TASK INSTRUCTIONS.
From the listing below, give again exactly the lines from the line with "David Broaders, Attractive Deep Sound" to the line with "Imagen del vendedor", ends included, without any pictures.

DATA FOR THIS EXERCISE.
________________________________________

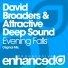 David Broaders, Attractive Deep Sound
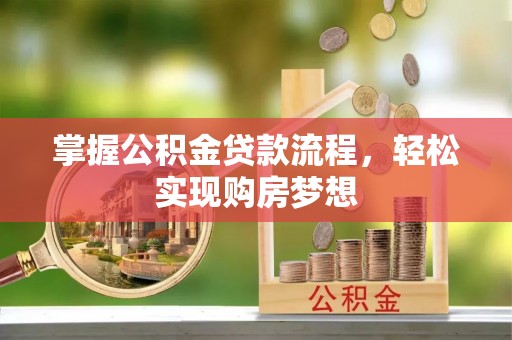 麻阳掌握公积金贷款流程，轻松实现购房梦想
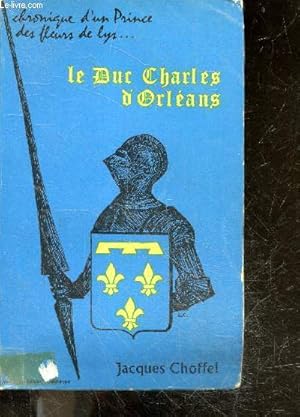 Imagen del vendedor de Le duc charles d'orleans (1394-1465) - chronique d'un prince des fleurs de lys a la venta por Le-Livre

________________________________________

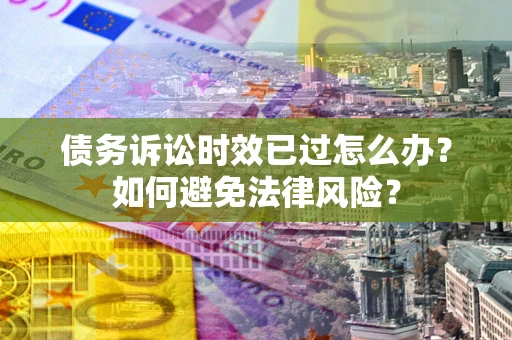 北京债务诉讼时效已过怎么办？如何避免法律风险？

________________________________________

FINISHED TASK.
 David Broaders, Attractive Deep Sound
 麻阳掌握公积金贷款流程，轻松实现购房梦想
 Imagen del vendedor de Le duc charles d'orleans (1394-1465) - chronique d'un prince des fleurs de lys a la venta por Le-Livre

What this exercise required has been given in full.